- EXERCISE REQUIREMENTS
All of the data below should be printed again word for word, pictures excluded.

- MATERIALS PROVIDED
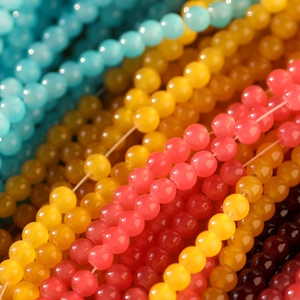 Gros plan macro de perles en verre polies colorées pour accessoires de bijoux DIY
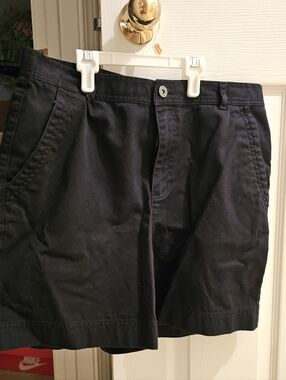 Liz Claiborne/ Lizwear Black Flat-Front Cotton Shorts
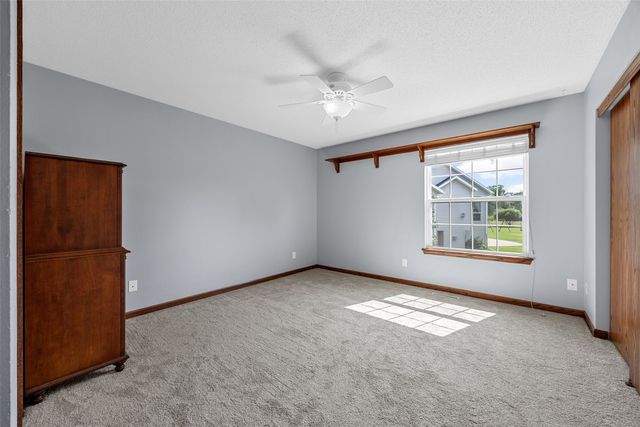 6020 Flagstone Drive NE, Cedar Rapids, IA 52402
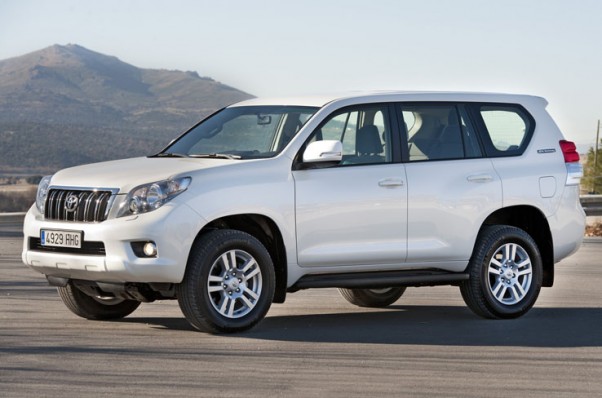 Toyota Land Cruiser presenta su nueva gama 2012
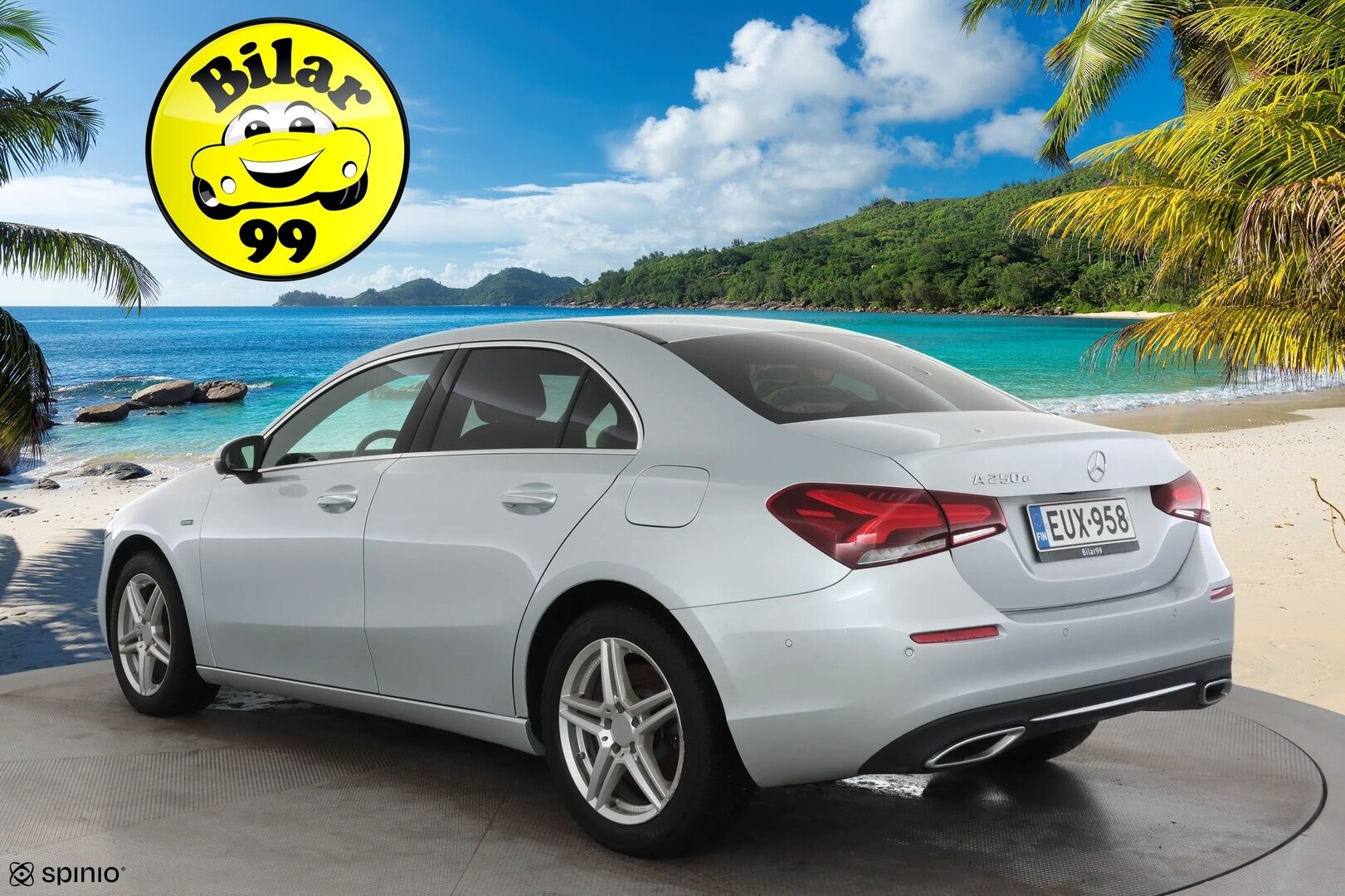 Mercedes-Benz A 2019 250e A sedan Business Style EQ Power * Distronic + / Multibeam / Sporttinahat Muistilla / 360° / HUD / Navi / Keyless * - Akku kuntotarkastettu SoH 95,9% / Kahdet renkaat aluvanteilla - HULLUT AVAJAISHULINAT KORKOTARJOUS 3,29 %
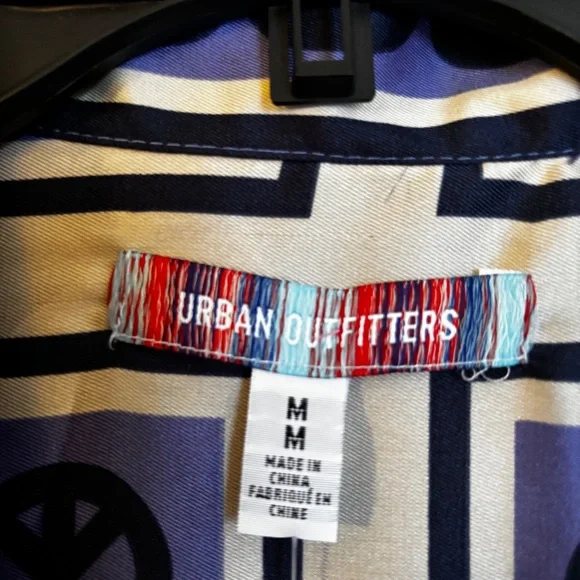NWT URBAN OUTFITTERS LIAM BLUE PEACE SHORT SLEEVE BUTTON-DOWN SHIRT SIZE M.
Less - Picture 6 of 10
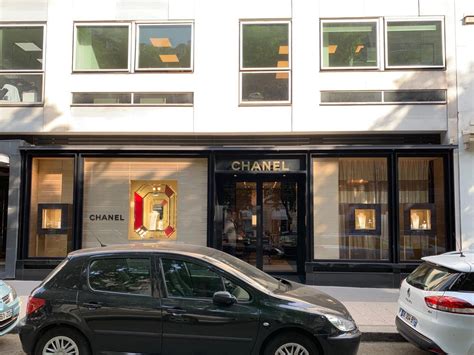 chanel 42 avenue montaigne paris|CHANEL PARIS 42 MONTAIGNE.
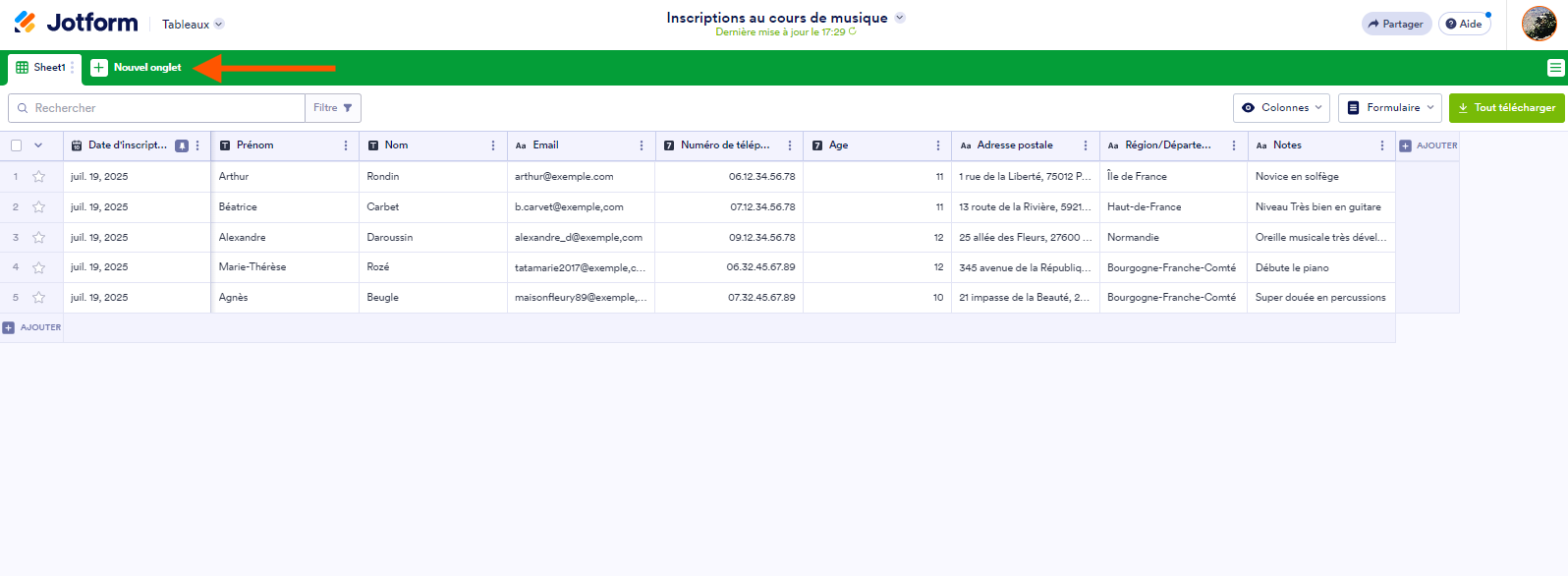 Capture d'écran d'un tableau Jotform avec une flèche pointant vers Nouvel onglet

- WRITTEN ANSWER
 Gros plan macro de perles en verre polies colorées pour accessoires de bijoux DIY
 Liz Claiborne/ Lizwear Black Flat-Front Cotton Shorts
 6020 Flagstone Drive NE, Cedar Rapids, IA 52402
 Toyota Land Cruiser presenta su nueva gama 2012
 Mercedes-Benz A 2019 250e A sedan Business Style EQ Power * Distronic + / Multibeam / Sporttinahat Muistilla / 360° / HUD / Navi / Keyless * - Akku kuntotarkastettu SoH 95,9% / Kahdet renkaat aluvanteilla - HULLUT AVAJAISHULINAT KORKOTARJOUS 3,29 %
NWT URBAN OUTFITTERS LIAM BLUE PEACE SHORT SLEEVE BUTTON-DOWN SHIRT SIZE M.
Less - Picture 6 of 10
 chanel 42 avenue montaigne paris|CHANEL PARIS 42 MONTAIGNE.
 Capture d'écran d'un tableau Jotform avec une flèche pointant vers Nouvel onglet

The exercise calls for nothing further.